Mayor Sumbul Siddiqui | Mayor Sumbul Siddiqui official website

The Library will welcome Ilyon Woo, The New York Times bestselling author of Master Slave Husband Wife: An Epic Journey from Slavery to Freedom, for a discussion of her latest book at 6 p.m. on Wednesday, June 21. Woo will be talking with Dr. Myisha Eatmon, an assistant professor in African and African American Studies and History at Harvard University. The program is funded by the Cambridge Public Library Foundation.

In 1848, a year characterized by international democratic revolt, a young, enslaved couple, Ellen and William Craft, achieved one of the boldest feats of self-emancipation in American history. Posing as master and slave, sustained by their love as husband and wife, the Crafts made their escape across more than 1,000 miles, riding out in the open on steamboats, carriages, and trains that took them from bondage in Georgia to the free states of the North. Master Slave Husband Wife is the true story of the Crafts’ long journey, as they traveled another 1,000 miles on the abolitionist lecture circuit. They escaped slave hunters, following the passage of an infamous new Fugitive Slave Law, and were forced to flee again, this time from the United States.

Ilyon Woo’s writing has appeared in The Boston Globe, the Wall Street Journal, Time Magazine, and The New York Times. She holds a B.A. in the humanities from Yale College and a Ph.D. in English from Columbia University.

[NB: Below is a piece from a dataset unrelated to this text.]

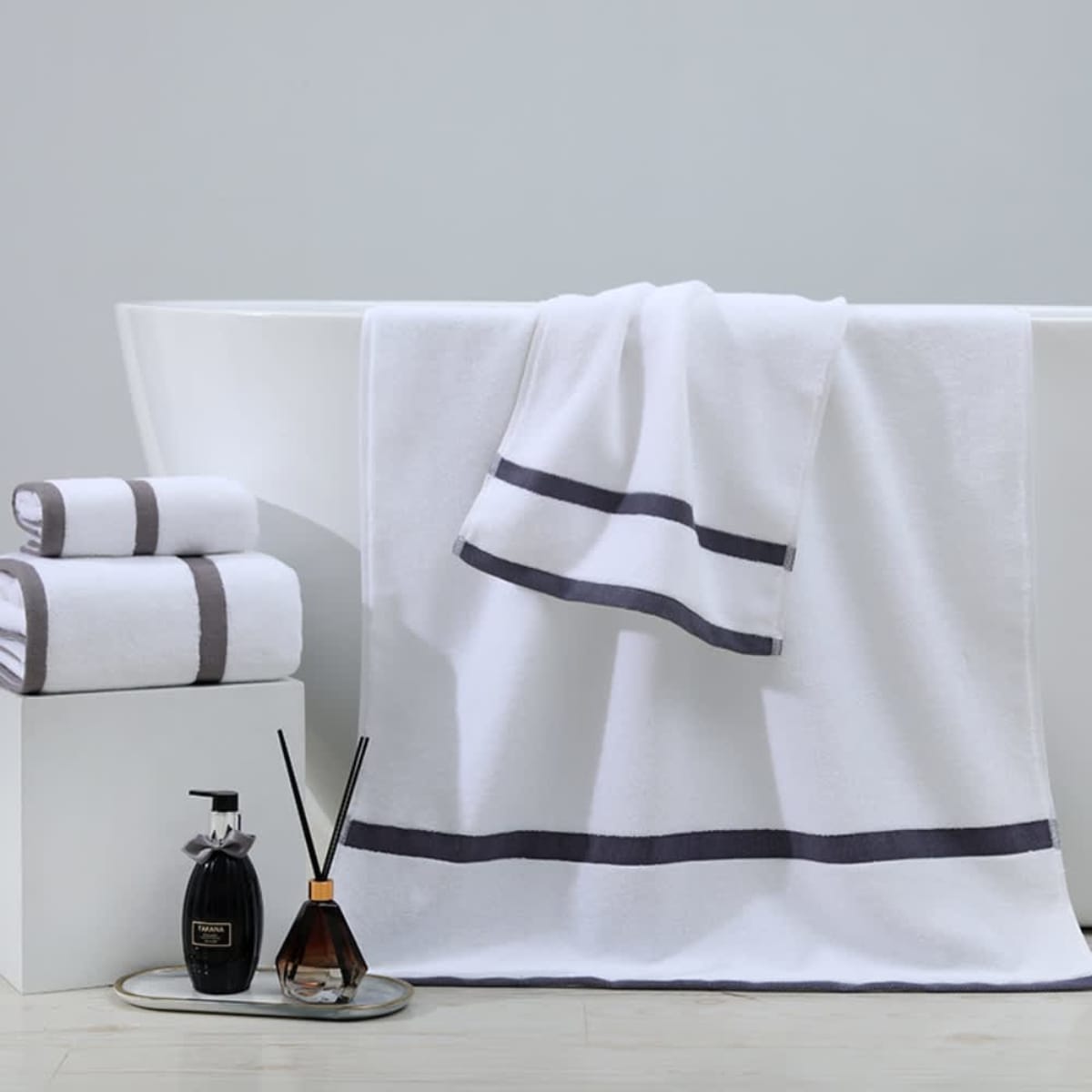 A white bathtub adorned with white towels featuring gray stripes. Two folded towels are stacked nearby on a platform. In front, a transparent tray holds a black soap dispenser and a diffuser with reeds. The background is a gray wall.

Dr. Myisha S. Eatmon holds a B.A. in political science and history from the University of Notre Dame, an M.A. in U.S, history and a Ph.D. in U.S., African American, and legal history from Northwestern University. Dr. Eatmon is the author of “Fighting Back: Black Civil Litigation for White-on-Black Violence under Nineteenth, Twentieth, and Twenty-First Century Jim Crow,” in The Civil War Era and the Summer of 2020: Race, Violence, Resistance and Memory in the United States, edited by Hilary Green and Andrew Slap. Registration is required to participate in this program.

Original source can be found here.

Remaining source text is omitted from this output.